Researchers point out that the fundamental driving force behind human migration remains the need for survival, especially the pursuit of prey resources. However, this study emphasizes that even a few degrees Celsius increase in summer temperature is enough to trigger a chain reaction between food chains, vegetation cover, and human activity space, thereby opening a new passage to previously considered “uninhabitable” high-latitude regions. In other words, the return of humans to Britain did not require extreme abrupt changes, but only a relatively mild, yet ecologically significant, climatic adjustment.
The authors of the paper believe that this discovery not only rewrites the timeline of the repopulation of Britain after the last glacial period, but also provides a new perspective for understanding human adaptability and behavioral patterns in the context of rapid climate change. They point out that around 15,000 years ago, the sensitive response of humans in the marginal areas of Britain to temperature changes indicates that migration routes were highly dependent on ice margin locations, summer heat conditions, and the distribution patterns of key prey. By combining archaeological records with high-resolution lake sediment archives, this study demonstrates that even seemingly minor environmental fluctuations can reshape human activity patterns on a regional scale.
The study also suggests that tracing human responses to climate warming during the post-glacial period can help understand potential population migration trends in the context of current and future polar warming and glacial melting. The authors point out that the “basic factors” that drove Paleolithic populations to move north have not disappeared, but are now operating under different technological and social frameworks. As the Arctic warms and glaciers retreat, environmental reconstruction may once again trigger human migration patterns, which are mechanistically comparable to the situation on the edge of Britain 15,000 years ago.

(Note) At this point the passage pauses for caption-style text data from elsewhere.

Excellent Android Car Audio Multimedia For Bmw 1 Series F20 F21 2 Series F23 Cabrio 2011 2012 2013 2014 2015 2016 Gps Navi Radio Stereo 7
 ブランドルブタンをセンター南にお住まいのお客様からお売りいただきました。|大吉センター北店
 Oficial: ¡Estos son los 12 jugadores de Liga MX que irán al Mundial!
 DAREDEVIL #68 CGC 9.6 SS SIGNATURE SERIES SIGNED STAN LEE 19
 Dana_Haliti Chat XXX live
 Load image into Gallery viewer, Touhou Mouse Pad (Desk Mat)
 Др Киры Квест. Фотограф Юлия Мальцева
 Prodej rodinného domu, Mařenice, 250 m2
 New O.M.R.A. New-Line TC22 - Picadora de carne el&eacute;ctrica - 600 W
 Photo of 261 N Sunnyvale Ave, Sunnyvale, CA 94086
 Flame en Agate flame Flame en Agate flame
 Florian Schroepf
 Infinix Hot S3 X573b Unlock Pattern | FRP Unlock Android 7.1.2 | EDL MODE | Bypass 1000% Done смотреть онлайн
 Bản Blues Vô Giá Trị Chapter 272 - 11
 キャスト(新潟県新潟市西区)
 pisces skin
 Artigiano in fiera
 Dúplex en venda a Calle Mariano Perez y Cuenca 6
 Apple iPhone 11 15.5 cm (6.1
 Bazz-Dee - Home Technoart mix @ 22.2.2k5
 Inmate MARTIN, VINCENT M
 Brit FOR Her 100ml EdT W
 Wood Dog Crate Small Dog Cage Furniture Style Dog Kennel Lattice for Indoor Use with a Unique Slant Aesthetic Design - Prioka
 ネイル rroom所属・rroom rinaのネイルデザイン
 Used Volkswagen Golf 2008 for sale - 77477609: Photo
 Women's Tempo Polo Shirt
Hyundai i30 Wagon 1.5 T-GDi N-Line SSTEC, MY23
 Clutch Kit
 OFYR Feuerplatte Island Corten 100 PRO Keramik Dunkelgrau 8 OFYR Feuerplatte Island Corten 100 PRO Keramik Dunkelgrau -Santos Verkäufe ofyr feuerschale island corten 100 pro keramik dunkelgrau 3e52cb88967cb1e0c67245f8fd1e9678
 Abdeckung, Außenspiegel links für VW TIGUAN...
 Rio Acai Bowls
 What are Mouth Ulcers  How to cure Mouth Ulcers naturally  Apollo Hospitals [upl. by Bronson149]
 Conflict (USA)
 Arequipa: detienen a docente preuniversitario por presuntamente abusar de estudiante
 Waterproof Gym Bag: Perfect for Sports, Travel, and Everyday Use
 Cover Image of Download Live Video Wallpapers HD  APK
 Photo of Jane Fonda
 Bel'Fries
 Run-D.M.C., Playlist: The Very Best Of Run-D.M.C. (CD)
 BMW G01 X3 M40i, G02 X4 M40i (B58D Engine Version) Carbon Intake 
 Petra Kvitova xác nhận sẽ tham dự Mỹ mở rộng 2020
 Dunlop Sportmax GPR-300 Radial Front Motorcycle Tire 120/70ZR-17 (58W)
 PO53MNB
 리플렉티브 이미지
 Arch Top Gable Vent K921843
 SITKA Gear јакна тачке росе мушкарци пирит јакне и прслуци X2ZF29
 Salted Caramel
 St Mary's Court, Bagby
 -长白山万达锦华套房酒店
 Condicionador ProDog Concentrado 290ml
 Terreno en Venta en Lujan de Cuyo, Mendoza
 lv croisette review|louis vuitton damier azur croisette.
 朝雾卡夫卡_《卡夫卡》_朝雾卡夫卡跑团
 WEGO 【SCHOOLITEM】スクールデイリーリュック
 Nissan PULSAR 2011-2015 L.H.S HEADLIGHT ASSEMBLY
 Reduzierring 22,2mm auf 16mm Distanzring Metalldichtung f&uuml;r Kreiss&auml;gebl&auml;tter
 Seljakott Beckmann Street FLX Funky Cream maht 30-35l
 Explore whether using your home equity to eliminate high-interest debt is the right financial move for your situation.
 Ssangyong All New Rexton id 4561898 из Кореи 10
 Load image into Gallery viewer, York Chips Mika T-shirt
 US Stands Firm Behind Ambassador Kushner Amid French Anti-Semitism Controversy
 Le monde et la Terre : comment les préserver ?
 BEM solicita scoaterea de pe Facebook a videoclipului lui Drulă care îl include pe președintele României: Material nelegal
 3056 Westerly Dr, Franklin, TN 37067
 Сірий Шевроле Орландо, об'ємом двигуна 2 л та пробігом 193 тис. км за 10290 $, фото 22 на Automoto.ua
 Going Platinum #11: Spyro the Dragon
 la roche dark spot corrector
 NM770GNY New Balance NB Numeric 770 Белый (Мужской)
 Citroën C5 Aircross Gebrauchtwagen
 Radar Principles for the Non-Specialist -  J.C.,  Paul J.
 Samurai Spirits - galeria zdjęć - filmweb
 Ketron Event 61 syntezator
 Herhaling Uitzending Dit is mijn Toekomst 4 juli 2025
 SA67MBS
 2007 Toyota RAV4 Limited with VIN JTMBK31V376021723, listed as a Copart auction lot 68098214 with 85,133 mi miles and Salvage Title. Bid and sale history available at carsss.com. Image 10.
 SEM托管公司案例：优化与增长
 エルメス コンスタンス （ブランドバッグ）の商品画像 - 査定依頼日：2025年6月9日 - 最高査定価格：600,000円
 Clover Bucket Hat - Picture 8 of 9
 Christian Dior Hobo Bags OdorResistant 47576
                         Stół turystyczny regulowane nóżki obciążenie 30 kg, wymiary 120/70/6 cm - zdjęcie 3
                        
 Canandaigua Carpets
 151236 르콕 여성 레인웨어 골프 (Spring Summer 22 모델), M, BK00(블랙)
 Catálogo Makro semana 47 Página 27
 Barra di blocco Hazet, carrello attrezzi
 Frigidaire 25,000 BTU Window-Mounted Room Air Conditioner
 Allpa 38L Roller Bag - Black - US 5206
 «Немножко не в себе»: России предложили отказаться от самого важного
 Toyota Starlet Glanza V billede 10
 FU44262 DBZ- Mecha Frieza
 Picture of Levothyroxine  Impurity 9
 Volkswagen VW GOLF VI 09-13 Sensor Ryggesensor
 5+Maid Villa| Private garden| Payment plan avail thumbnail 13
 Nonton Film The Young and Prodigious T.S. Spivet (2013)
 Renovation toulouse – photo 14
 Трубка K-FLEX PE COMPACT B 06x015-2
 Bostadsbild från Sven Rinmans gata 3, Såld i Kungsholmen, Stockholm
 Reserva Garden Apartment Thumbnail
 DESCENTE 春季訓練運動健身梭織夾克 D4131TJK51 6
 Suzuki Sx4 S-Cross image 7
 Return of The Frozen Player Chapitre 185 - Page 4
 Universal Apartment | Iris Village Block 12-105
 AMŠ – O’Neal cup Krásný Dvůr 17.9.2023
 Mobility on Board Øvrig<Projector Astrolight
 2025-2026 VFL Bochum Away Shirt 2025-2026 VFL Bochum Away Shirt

This research paper, titled “Summer warming between 15,500 and 15,000 years ago facilitated the re-population of the northwestern European periphery,” has been published in the journal *Nature – Ecology & Evolution*. The paper was jointly authored by I. P. Matthews, A. P. Palmer, and many other scholars, and the research was funded by the UK Natural Environment Research Council and based on long-term cooperation between institutions such as Royal Holloway, University of London, and the Quaternary Research Association.